27. Alle gerechtskosten en overige juridische kosten met betrekking tot deze
zaak zullen worden terugbetaald of vergoed (...)
28. DAT het niet reageren zoals hierin vereist in deze verklaring voor waarheid, binnen de hierin een voorgeschreven tijd van dertig (30) dagen, wordt door ondergeschrevene opgevat als dat de Indringer [eiser 3] een beroep wenst te doen op de doctrine van berusting (...) en hiermee toestaat dat ondergeschrevene het recht heeft om privaatrechtelijk de verloren of beschadigde eigendommen plus schade, boetes en kosten op [eiser 3]
te verhalen.
29. (...) Als alle wederrechtelijke acties jegens ondergeschrevene niet binnen dertig (30) dagen worden afgebouwd (..) dit zal leiden tot de onmiddelijke indiening van strafrechtelijke klachten (verklaringen voor waarheid) en commerciële pandrechten (…)
(…)
KENNISGEVING VAN CLAIM (pro forma)
Aan: [eiser 3] , een levende man (ambtenaar), en alle partijen in belang:
Hij die dit leest: Saluut.
[eiser 3] , een levende man:
Er is een (pro forma) claim tegen u ingediend voor een bedrag van € 517.760,00 voor uw bijdrage, rol en acties in huisvredebreuk, aanvallen van verbaal geweld en aanstootgevend gedrag, het indringen van mijn eigendom zonder recht, en voor laster tegen mij, een levende man. U bent slechts een publieke ambtenaar met een fiduciaire plicht om ons te dienen, meer niet. Uw handelen is niet in overeenstemming met Gods wetten. Uw handelen is niet in overeenstemming met de Grondwet en Wetten die u binden volgens uw ambtseed. u heeft de beperkte bevoegdheden overschreden die wij, het Volk, aan u hebben gedelegeerd door middel van de Grondwet en Wetten. Door uw misbruik zijn uw bevoegdheden conform de wet vervallen.

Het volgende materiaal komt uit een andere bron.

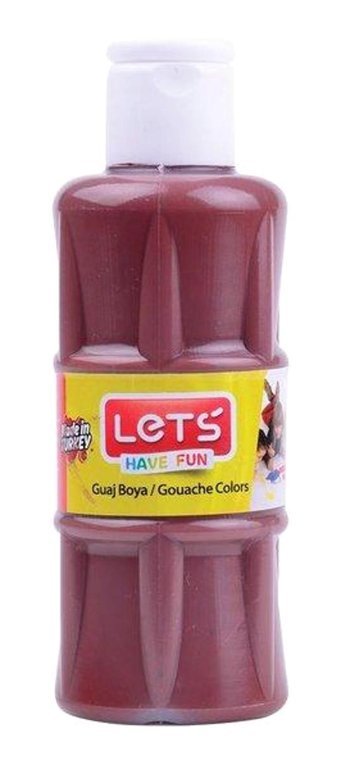 Lets L-5858 Tüp Kahverengi 100 ml Guaj Boya Seti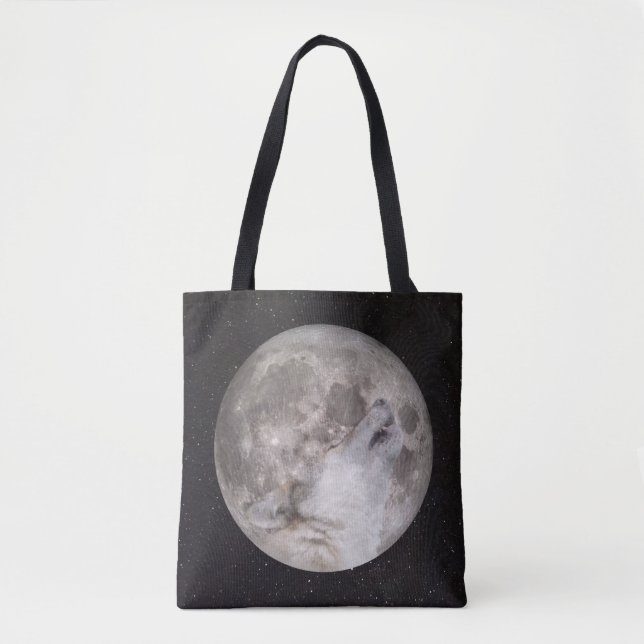 Tote Bag Super Wolf Moon (Devant)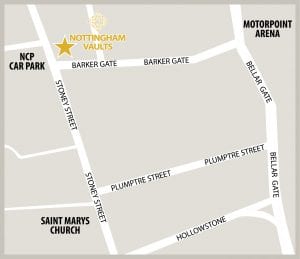 Map Of The Safety Deposit Box Facilty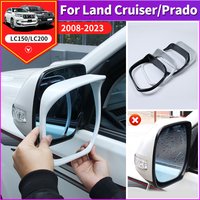 2008-2021 dla Toyota Land Cruiser Prado 150 200 Lc150 LC200 lusterko wsteczne osłona przeciwdeszczowa akcesoria zewnętrzne deszcz brwi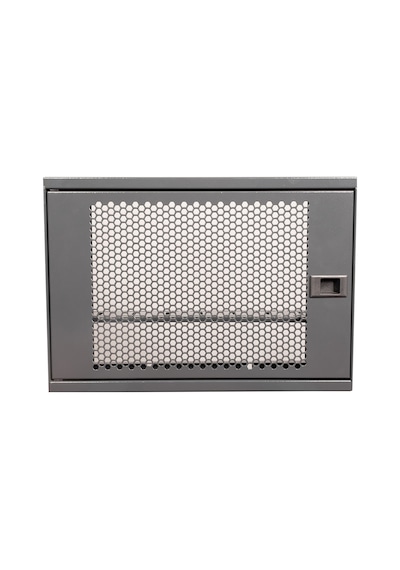 Alfafonet Wifi Box 280 Duvar Tipi Modem Ve Wifi Kutusu 280x120x280 Mm Antrasit Gri Perfore Metal Kapak Montajlı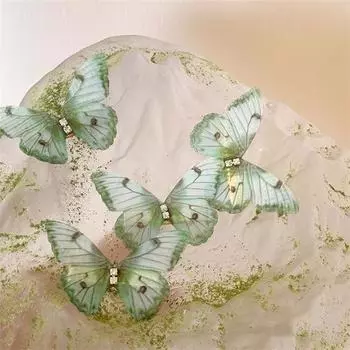 1 заколка для волос в виде челки-бабочки мятно-зеленого градиента, головной убор в виде утконоса, аксессуары для волос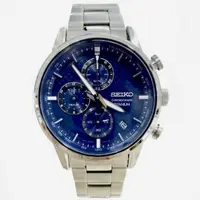 在飛比找蝦皮商城優惠-【SEIKO 精工】急速格紋鈦金屬三眼男錶 8T67-00N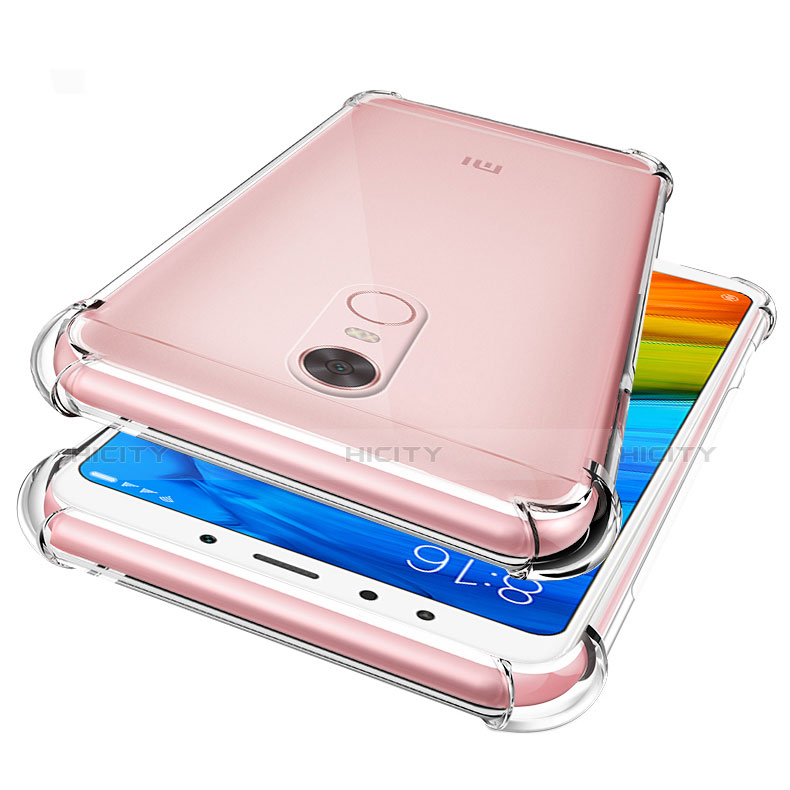 Funda Silicona Ultrafina Transparente para Xiaomi Redmi Note 5 Indian Version Claro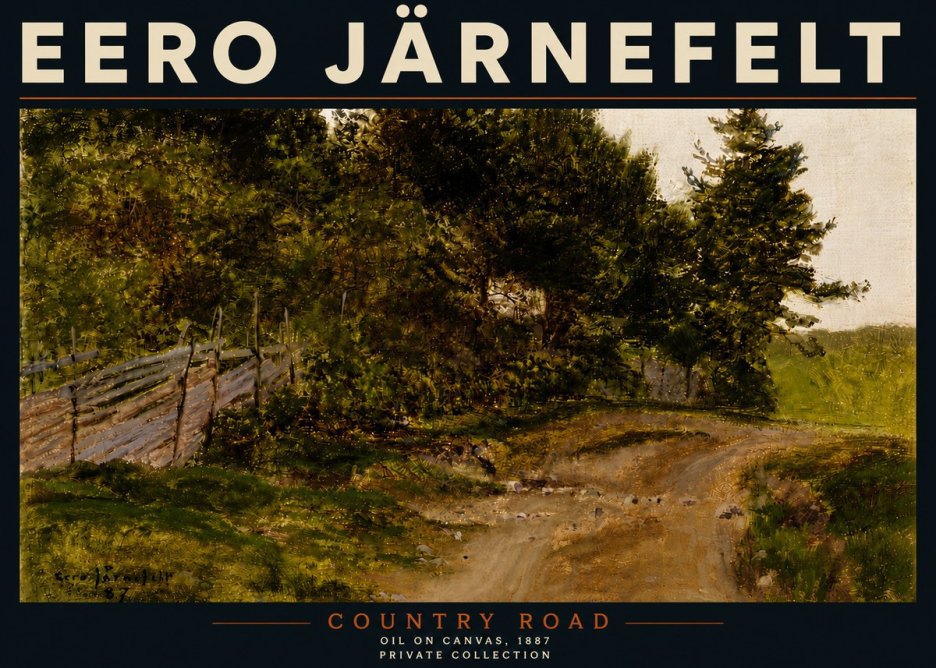 Eero Järnefelt Country Road No5 - Poster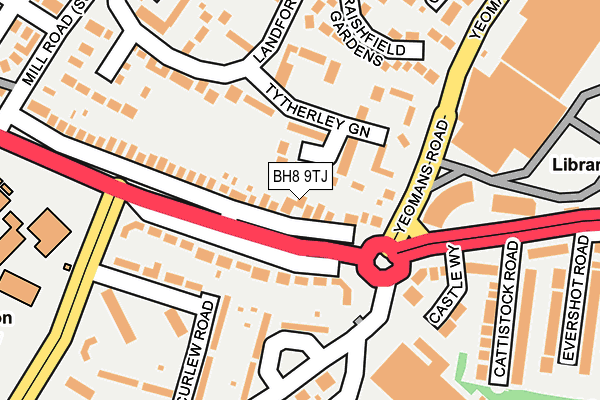 BH8 9TJ map - OS OpenMap – Local (Ordnance Survey)
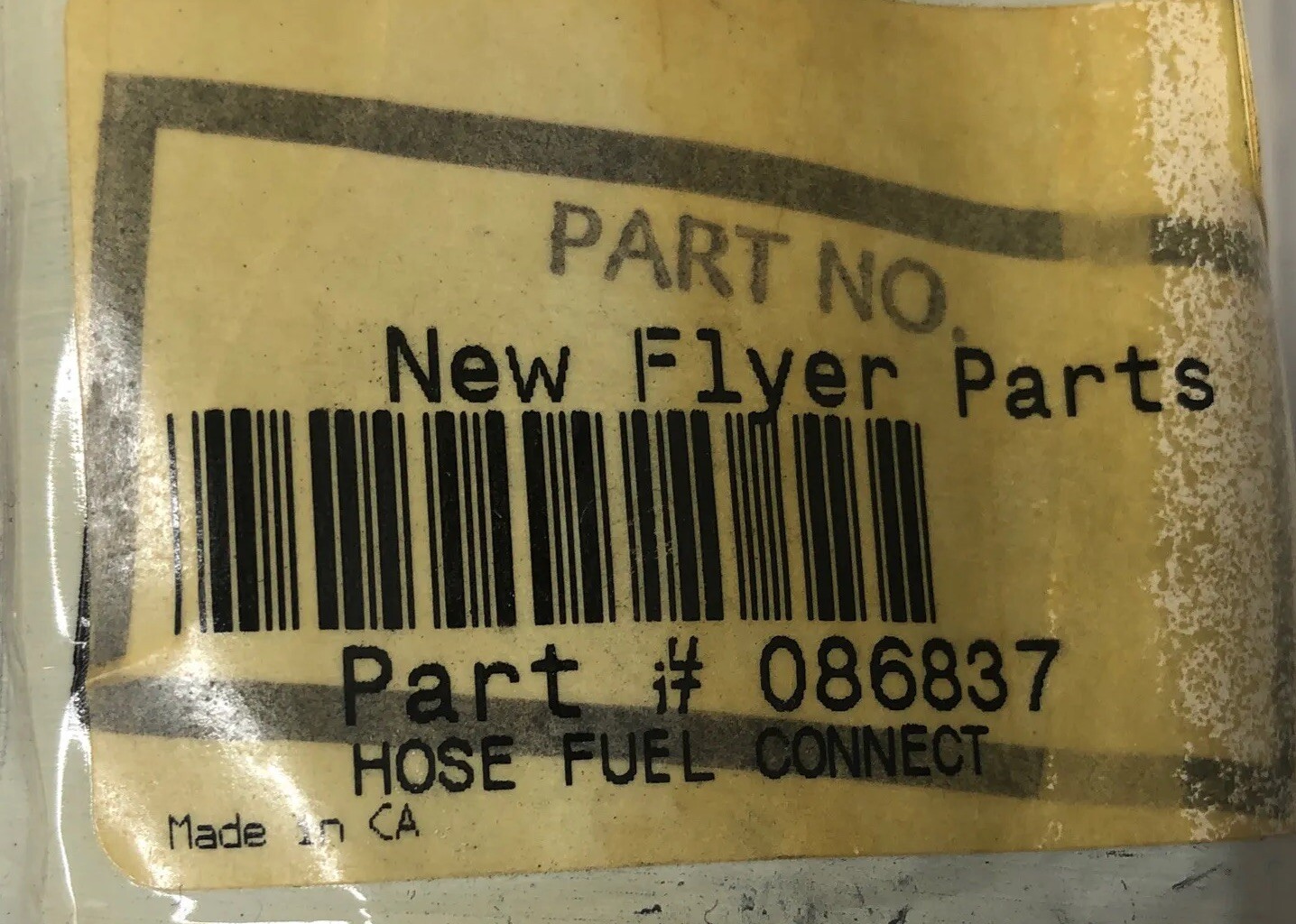 New Flyer Parts 086837 Hose, Fuel Connect; 86837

U heeft dertig (30) dagen na 21 december 2022 om de door mij gestuurde beëdigde verklaring van waarheid punt voor punt te weerleggen met uw beëdigde verklaring voor waarheid. Het niet weerleggen van de beëdigde verklaring van waarheid zal resulteren in de stilzwijgende instemming van de Indringer en instemming dat de feiten die erin zijn uiteengezet waar zijn, correct zijn, nauwkeurig zijn, niet misleidend zijn en bindend zijn voor de Indringer. Dit zal resulteren in de uitvoering van deze claim tegen [eiser 3] , een man, en de niet-weerlegde verklaring van waarheid zal worden gebruikt tegen [eiser 3] , een levende man, in toekomstige civiele en strafrechtelijke procedures.
Uitblijven hiervan maakt dat ik zal beginnen met administratieve, civiele en strafrechtelijke rechtsmiddelen tegen [eiser 3] , een levende man en zijn persona en internationaal beslag te leggen op zijn eigendommen tot het bovengenoemde bedrag.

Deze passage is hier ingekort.